Disclaimer: All usual disclaimers apply
-Interview with Jia Xu-
I must say, I am certainly surprised that you would come to me about this. Truthfully, I don't know where to start. Would you like me to start before or…
The beginning? Well, I can't say much about Cao Cao's beginning. I guess I could start with myself. Would that be alright?
Well, I'm not well known for my glaring loyalty. My first master, Dong Zhuo, called me a snake. He didn't trust me much. But little did he know that I am at heart a very simple man. If I am given opportunity and adequate pay, I will work. No questions asked.
After Dong Zhuo died, I was left in the dust, wandering from place to place. Finally I ended up with Zhang Xiu. He was…alright. He was clever in his own right, but when pressured, his brain seems to stop working. That's where I usually come in. Cao Cao invaded Wan castle and I admit, I was a little skeptical that everything was going to turn out well. Cao Cao at that time was very well known and feared. Yet my trap succeeded. There was no way he could've lived…if it weren't for his bodyguard that took all of my arrows thrown at him. I saw Cao Cao's face. He was mortified, vulnerable. The supposedly stone-hearted warlord was susceptible to emotion like the rest of us.
He launched a counter with a large force that even an airtight strategy couldn't defend against. He muscled his way through rather than use basic strategy, but it worked. And I was captured.
It's human nature to preserve oneself and at first I thought of begging to be spared. I thought that would appeal to Cao Cao's miniscule emotional side. But as I was dragged before him, any thought of begging faded. I suppose it was because I knew I was going to die. It was wasted energy.
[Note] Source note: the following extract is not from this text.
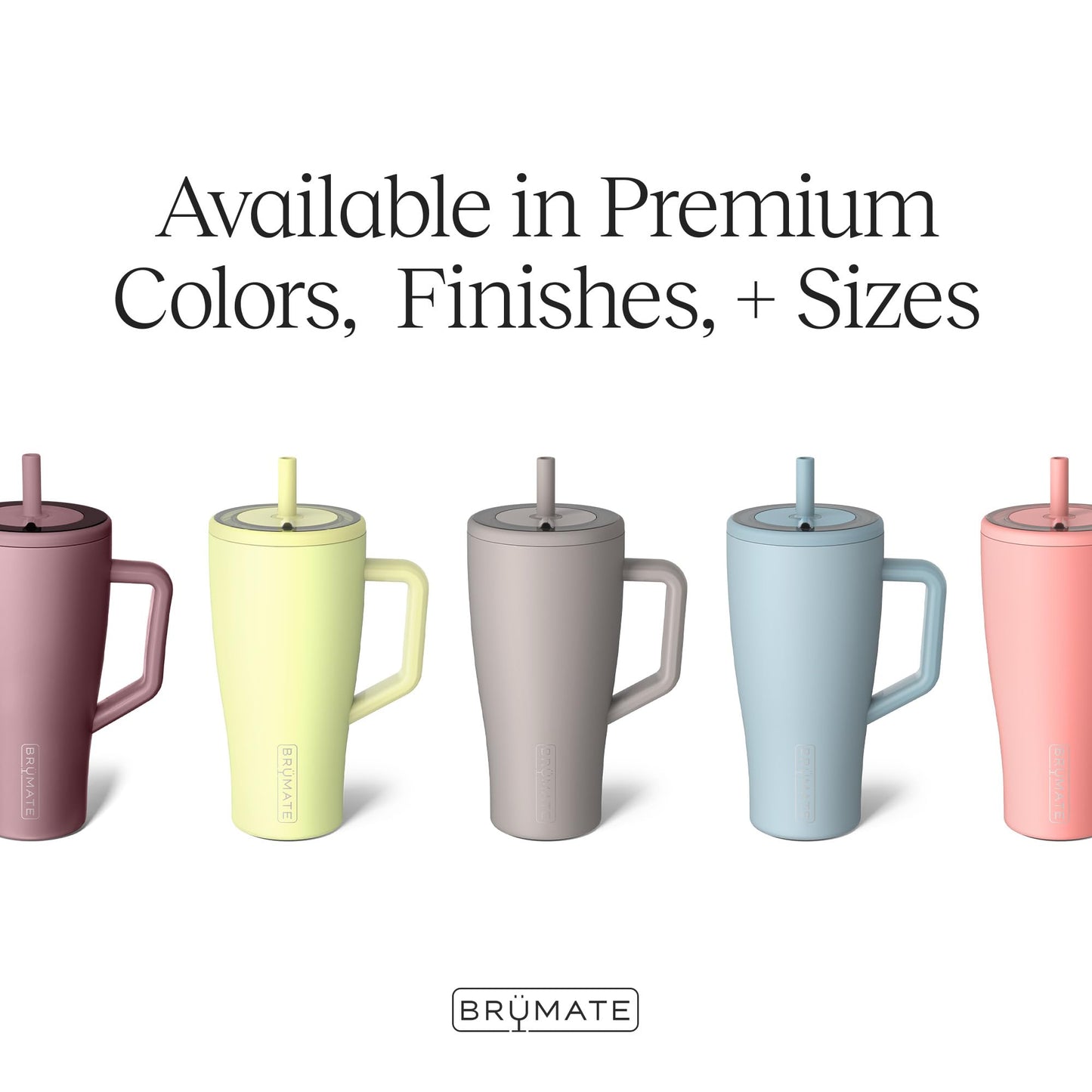 BrüMate Era 30 oz Tumbler with Handle and Straw | 100% Leakproof Insulated Tumbler with Lid and Straw | Made of Stainless Steel | Cup Holder Friendly Base | 30oz (Mocha)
Yet, you see me before you, so naturally I didn't die. Let me explain. The odd thing about Cao Cao was that if he saw something he liked or something that could benefit him, he tried to obtain it. He…inexplicably…saw me as having talent and that I was worth more to him alive than dead to avenge his fallen retainer.
"You can better make up for his loss by serving me," he said to me.
I'm not so noble to demand my death to preserve my honor. I don't care about honor, and I think that benefited him more than me. A man with too much honor runs the risk of gaining too much of a conscious and would rebel against heavy handedness and tyranny. You see, Cao Cao was no saint. Yet, I will go on the record to say that he was no demon either. Sure, some of his methods of gaining the upper hand were downright cruel and unusual, but at the heart of hearts he felt what he was doing was necessary.
Perhaps that was what short sighted him. That and his growing annoyance with Shu. He was under the very realistic impression that the Han were dead or dying. The Emperor, praise him eternally, but he was spineless, most likely due to his youth. The Emperor had been pushed around by Dong Zhuo, Yuan Shao, Yuan Shu, Cao Cao, and to some extent Liu Bei.
But the Shu, for whatever they were, were conservative and ideological. They had this deep seeded desire for those "good ol' days" of the Han. Cao Cao thought that to go back was to destroy progression.
"Let time flow as it should," he wrote once. "The world itself cannot afford if one desires to push it back."
It was a legitimate fear in my opinion. He had heard of conquerors from the West, beyond the sands. Many of these…creatures appeared in court before. But the point was there. They would not stop from swallowing up lands here as they did with Turkish tribes in the sands. If we were to stagnate as a country, there would be no stopping them conquering us. Maybe in reality it was my fear. My global fear. The continued existence of the Han would only push us into ruin.